How to connect to GLTM for new Wordfast with old Wordfast version

If you have an older version of Wordfast lying around, but are sent a link to a new gltm (global TM), you likely found out that the format of the link is invalid in the older Wordfast version. The gltm link format is as follows:
gltm://username:password@url:portnumber/

You can easily render this link such that it’s compatible with an older Wordfast version, which has the following format:
wf://username:password@url:portnumber/
In other words, just replace the gltm by wf and you’re all set.

Clear all target segments in Trados Studio 2009

Here’s how to clear all target segments in Trados Studio 2009:

  1. Select the first segment of the block that you want to clear by clicking on the number of the segment on the left-hand side as shown below.
    Selection of segments in Trados

    Selection of segments in Trados
    (The text in the segments is masked for confidentiality reasons.)

  2. Go to the last segment of the block of segments that you want to clear, keep the Shift key pressed while selecting the number of this last segment, as illustrated above. The entire block of segments should now be selected.
  3. Right click with your mouse and select “Clear Target Segment” from the context menu to clear all selected segments.
    Context menu for selection

    Context menu for selection

  4. Alternatively, you can also select “Translation > Clear Target Segment” from the main menu.
    Main menu - Translation

    Main menu – Translation

  5. As a third alternative you can use the keyboard shortcut “Alt+Del” to clear the selected target segments.

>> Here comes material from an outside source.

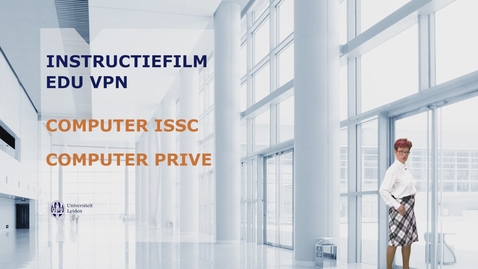 Thumbnail for Instructievideo eduVPN-installatie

Superfluous Tags in Word Documents

Sometimes Word documents contain a lot of extra (hidden) tags, that can really hinder the use of a CAT-tool and stop your translation workflow in its tracks. Particularly PDF-documents that are converted to Word can have tags between every single word or even letter! The reason for this overabundance of tags is that Word seems to apply certain formatting settings to every single word or letter, instead of more globally to every single paragraph. To get rid of these tags without destroying the formatting of your source document, follow the procedure below. In any case, you’ll most likely have to do some reformatting of the translation no matter what, because I have yet to see a source and a target language pair with the exact same length of words.

The procedure applies to Word 2010, 2007, and 2003 — if you have a different version, or a different Word processor, there should be an equivalent procedure with equivalent keyboard shortcuts.

  1. Open the source document in Word. It is advisable to save a copy of the original in the unlikely case something goes wrong.
  2. Use CTRL+A to mark the entire text.
  3. Use CTRL+D to open the character formatting dialog box, go to the “Character Spacing” tab (or the equivalent in your Word version) as shown below.
    Font dialog box in Word

    Font dialog box in Word

  4. Set the Scale to 100%, the spacing and position to Normal, and disable Kerning.
  5. Save the file and try opening it in your favorite CAT-tool. The superfluous tags should have disappeared. If not, proceed to the next step.
  6. If you are in Word 2010 or Word 2007, save the file as a Word 97-2003 document. The step from .docx-format to .doc-format usually removes all additional tags. You may have to do some minor reformatting when you save the final translated document in the original 2010 format.
  7. If you are in Word 2003 or the file is already in Word 97-2003 format, try saving it in a newer format, and then save it again in Word 97-2003 format.